Provides the ability to send SMS and Email notification/messages to customers.
Libraries are not deployable pieces of code. They are intended to support the common functionality of the services. Most library projects produce one build artifact and contain unit tests for their classes.
Services which consume JWT tokens created by identity use anubis to check them. Anubis uses spring security to manage authentication information, and publishes the permissions defined by the programmer for the service. Anubis also contains library support for testing services which use anubis for their security.
Services which make requests to other services can use permitted-feign-client to transparently specify which requests and to request impersonation rights to specific endpoints for a user.
Support for unit tests and component tests in the services
Each of the services has a Feign application programming interface (api). This project contains code intended to support the creation of a Feign API.
Services are all implemented using CQRS. Command provides library support for asynchronous processing and audit-able NoSQL persistence of POST, PUT, and DELETE requests. The non-central, eventually-consistent persistence approach is central to our disaster recovery strategy.

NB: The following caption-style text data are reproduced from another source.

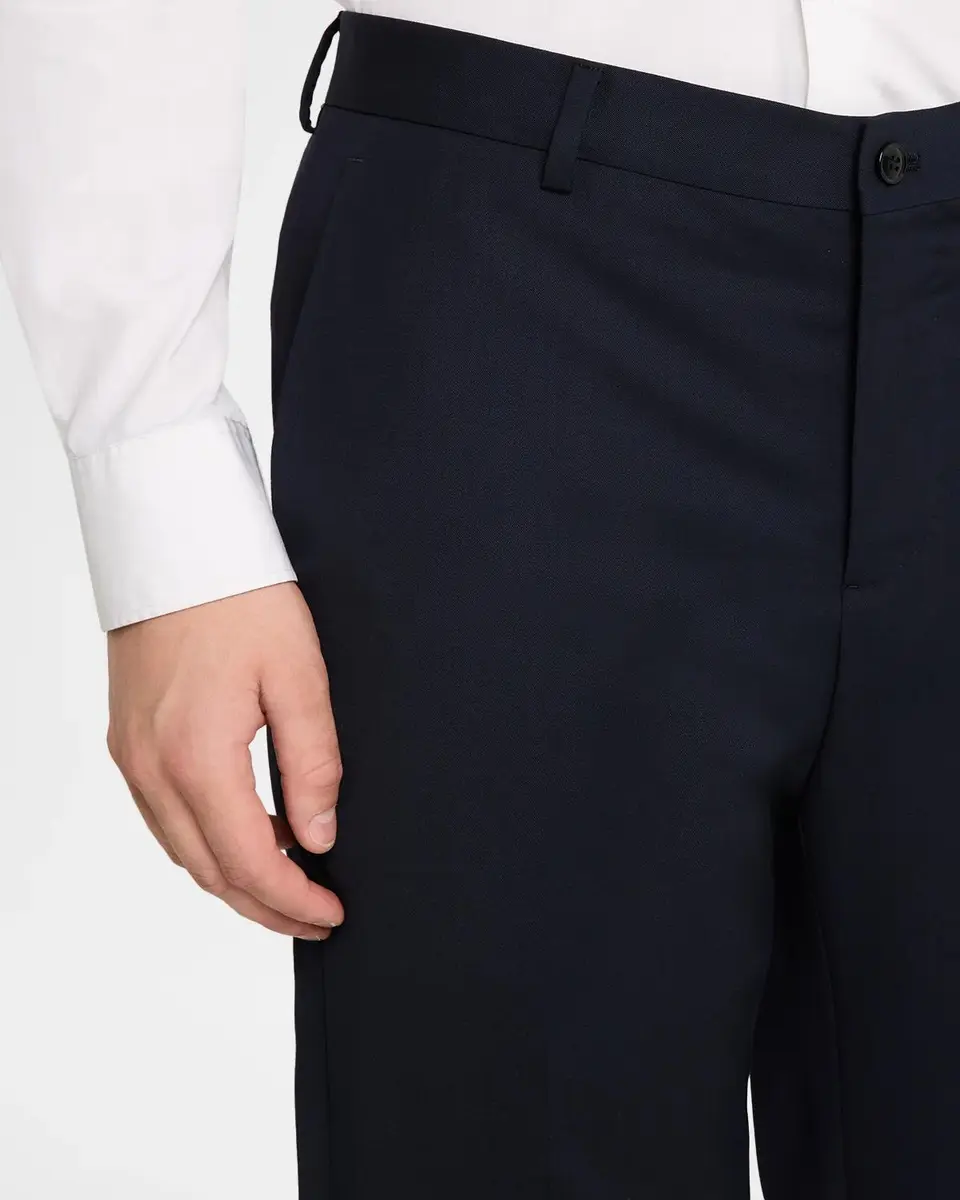 Giorgio Armani Men's Wool Twill Single-Breasted Two-Piece Suit | Thumbnail 10 Giorgio Armani Men's Wool Twill Single-Breasted Two-Piece Suit | Thumbnail 10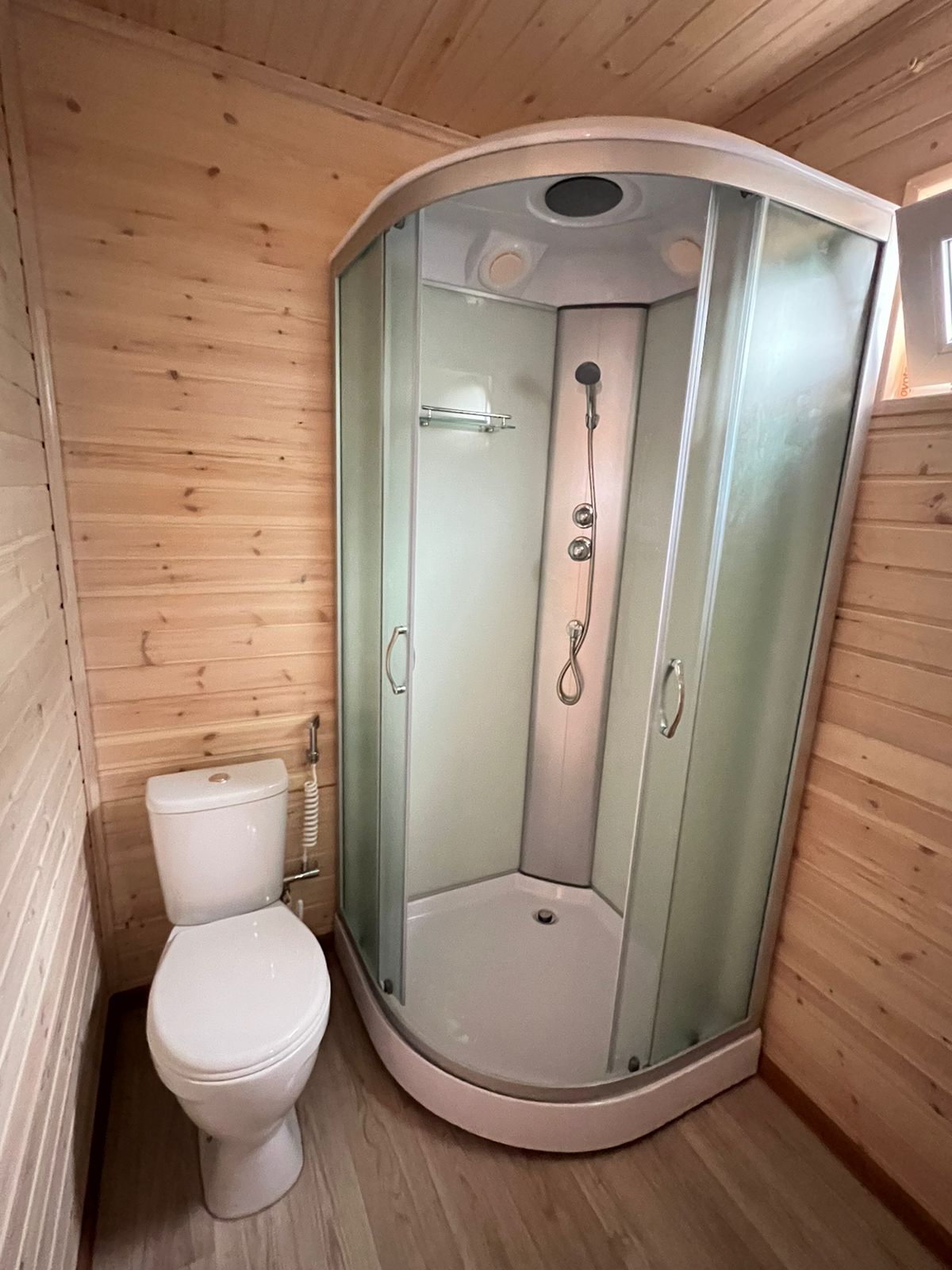 Двухместный номер с двуспальной кроватью и дополнительной кроватью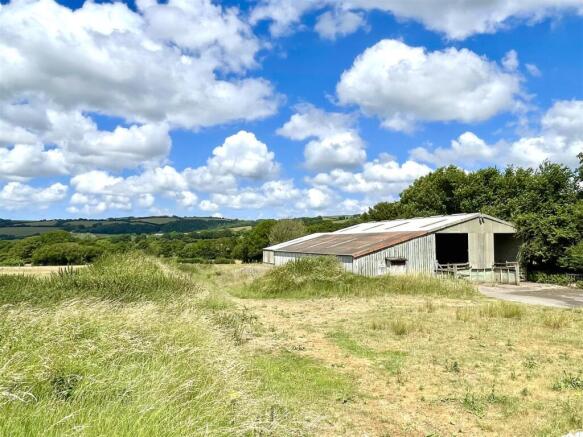 Barn &amp; Land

mariadb and data persistence
Most (but not all) services use an SQL persistence for querying of data via GET requests. This library provides tenant-separation based on header contents.
All services save commands to the NoSQL DB Apache Cassandra. Some save other data there as well. This library provides tenant-separation based on header contents.
Handles correct multi-threading for command handling.
Miscellaneous. If you can't figure out where to put it, put it here. But first consider creating a new library project.